IRS auditors, claimants, potential business purchasers, lenders and others typically review the corporate minute book to determine whether various corporate activities were adequately documented, whether shareholders had a meeting, whether directors and officers were properly appointed, and whether activities and major decisions such as borrowing, paying bonuses and dividends entering into substantial contracts or leases, were all properly authorized and executed.

Shareholders must treat the corporation as a legal and financial entity separate and distinct from the individual shareholder. Common mistakes include commingling personal and corporate funds, using corporate funds for personal use, and dealing with third parties individually rather than through the corporation for purposes of signing contracts or obtaining credit.

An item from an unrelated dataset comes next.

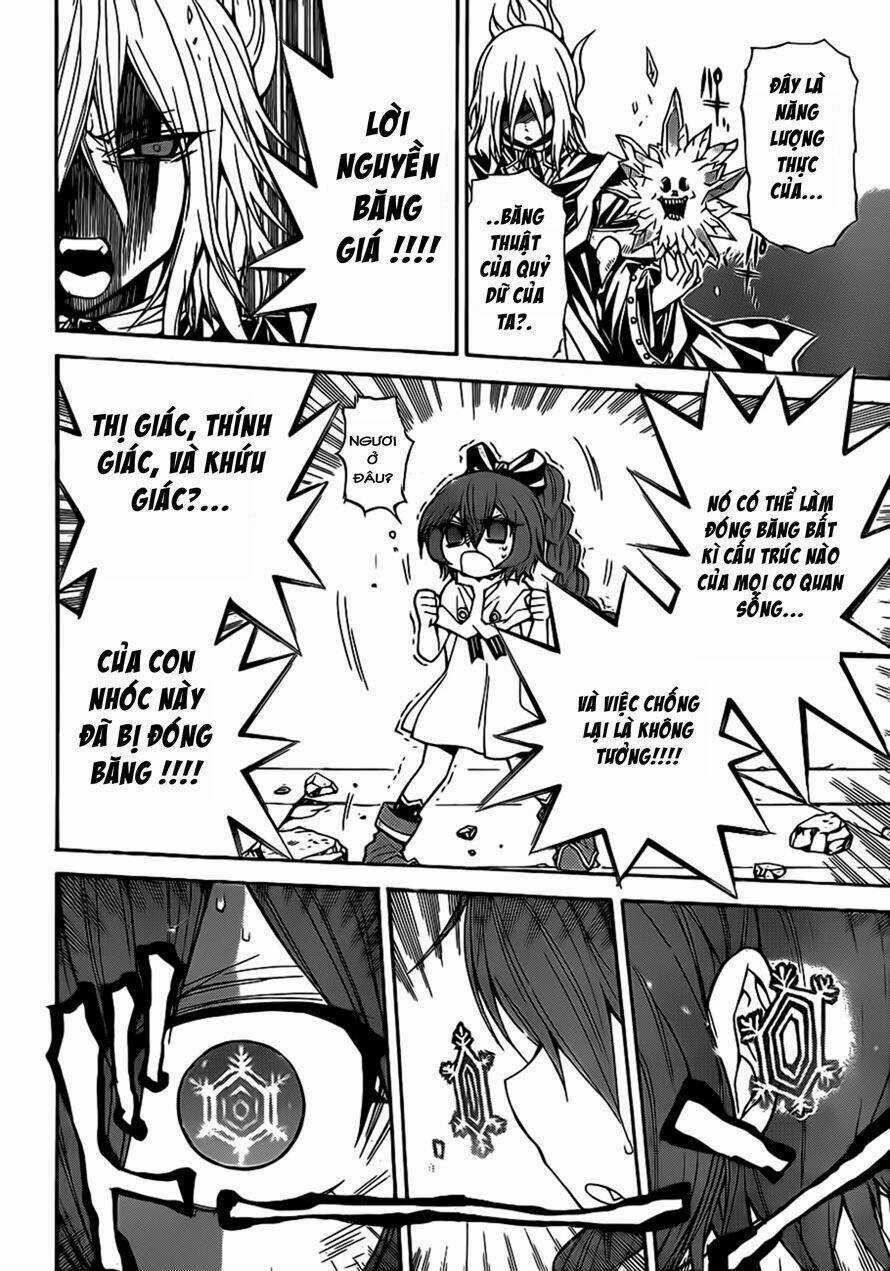 Magico Chapter 18 trang 10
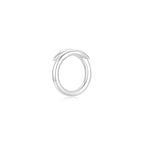 Double-Edged Ring WG (Side) - Eclat by Oui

Shareholders must provide adequate capitalization for the corporation at the time of formation and must maintain adequate capitalization as the business grows and evolves.Capitalization is usually adequate if the amount of actual business capital on hand is sufficient for the corporation to pay its debts as they become due.

For most family businesses in today’s hyper-competitive marketplace, the last thing on anyone’s mind is holding annual shareholder and director meetings, maintaining thorough records and updating the corporate record book. However, sound business practice requires the business owner to observe corporate formalities and maintain adequate records in the ordinary course of business to maintain limited liability and corporate tax status.

Business owners might consider calendaring corporate maintenance at least twice per year. Opportune times for this process may include one month before the date of the annual meeting of shareholders as required by the corporate by-laws, and one month before the end of the corporation’s fiscal year.